Charlottesville is a little closer to having a permanent overnight low-barrier homeless shelter — something local homeless services providers have for years said the city desperately needs, and that many community members support.
However, local business owners have voiced concern about how such a shelter could affect them, and by extension, city tax revenues.
Monday night, Charlottesville City Council voted unanimously to spend approximately $6.2 million to buy a property at 2000 Holiday Dr.
The 3.8-acre property is located behind the Days Inn and the Country Inn & Suites on Emmet St./Route 29. It includes a 27,000 square-foot building that was previously used for offices, which the city plans to retrofit into a shelter with approximately 200 beds and on-site services for guests.
When the voting results came in, a few people in the audience clapped.
Charlottesville City Manager Sam Sanders has been looking for a low-barrier shelter site for the past two years — opening such a shelter was one of the priorities Sanders outlined in a “homeless intervention strategy” he presented to the council in October 2023.
The Holiday Dr. site is the third one Sanders had publicly considered.
While the council heard on Monday from a handful of community members who opposed the shelter on Holiday Dr., it also heard from more than a dozen who supported it.

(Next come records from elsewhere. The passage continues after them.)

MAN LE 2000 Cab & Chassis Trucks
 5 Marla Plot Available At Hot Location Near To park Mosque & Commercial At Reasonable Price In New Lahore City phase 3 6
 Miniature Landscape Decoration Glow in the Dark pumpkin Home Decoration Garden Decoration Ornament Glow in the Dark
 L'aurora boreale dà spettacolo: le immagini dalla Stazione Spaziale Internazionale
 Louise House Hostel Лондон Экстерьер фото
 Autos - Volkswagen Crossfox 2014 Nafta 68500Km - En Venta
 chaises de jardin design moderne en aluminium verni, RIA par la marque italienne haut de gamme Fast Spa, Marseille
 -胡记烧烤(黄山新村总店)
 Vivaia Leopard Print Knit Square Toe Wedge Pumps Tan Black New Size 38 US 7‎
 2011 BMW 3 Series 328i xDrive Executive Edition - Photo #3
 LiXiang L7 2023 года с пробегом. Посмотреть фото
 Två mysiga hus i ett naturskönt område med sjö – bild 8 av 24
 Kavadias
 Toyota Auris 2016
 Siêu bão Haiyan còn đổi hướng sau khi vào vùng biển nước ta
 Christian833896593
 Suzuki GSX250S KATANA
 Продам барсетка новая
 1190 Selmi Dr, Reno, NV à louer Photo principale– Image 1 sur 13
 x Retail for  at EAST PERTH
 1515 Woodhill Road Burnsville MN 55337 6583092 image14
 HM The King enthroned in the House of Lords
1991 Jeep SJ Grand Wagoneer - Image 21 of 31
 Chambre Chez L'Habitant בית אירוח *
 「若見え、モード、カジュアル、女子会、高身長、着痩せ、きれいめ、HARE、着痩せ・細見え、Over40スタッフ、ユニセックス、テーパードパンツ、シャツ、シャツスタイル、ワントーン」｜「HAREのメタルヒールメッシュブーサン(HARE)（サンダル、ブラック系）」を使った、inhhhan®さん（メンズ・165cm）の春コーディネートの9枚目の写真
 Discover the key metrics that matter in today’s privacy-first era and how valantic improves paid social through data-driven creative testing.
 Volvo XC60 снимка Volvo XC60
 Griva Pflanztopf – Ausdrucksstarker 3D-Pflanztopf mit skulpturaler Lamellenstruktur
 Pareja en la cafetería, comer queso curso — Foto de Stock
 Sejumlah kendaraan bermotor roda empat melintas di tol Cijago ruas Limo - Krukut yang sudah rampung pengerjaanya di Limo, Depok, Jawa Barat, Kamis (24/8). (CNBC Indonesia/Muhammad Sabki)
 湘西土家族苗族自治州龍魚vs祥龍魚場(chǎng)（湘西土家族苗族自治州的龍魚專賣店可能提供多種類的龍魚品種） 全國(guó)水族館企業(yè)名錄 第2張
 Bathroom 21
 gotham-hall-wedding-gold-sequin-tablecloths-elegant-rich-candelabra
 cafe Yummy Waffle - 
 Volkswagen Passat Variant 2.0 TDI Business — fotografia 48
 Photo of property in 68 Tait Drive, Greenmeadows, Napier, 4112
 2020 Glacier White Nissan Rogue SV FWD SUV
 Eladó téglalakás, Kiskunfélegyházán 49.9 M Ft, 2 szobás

Learn more about low-barrier shelters in this report from January 2025.
A few of the people who own and work at the businesses on Holiday Dr. said that while they recognize the need for and support the idea of a shelter, they oppose the location.
“I fully support the goal of helping those in need and addressing homelessness in our community,” said Angela Spathos, whose family has owned and operated Aberdeen Barn, currently located at 2018 Holiday Dr., since 1965. “However, I truly believe Holiday Drive is not the right location for this facility.”
In addition to Aberdeen Barn, there are two restaurants, four hotels, and a barber shop operating on that street.
“By placing a shelter at the end of our dead-end street, you would be directing shelter residents directly past our entrances and through our parking areas,” Spathos added. “This raises serious concerns about loitering, safety — especially after dark — and the comfort of our guests and employees.”
Spathos and other employees of the businesses located on Holiday Dr. said that if the area becomes unsafe — or is perceived as being unsafe — due to the presence of a shelter, it will negatively affect their ability to attract and retain customers and ultimately, their ability to sustain their businesses.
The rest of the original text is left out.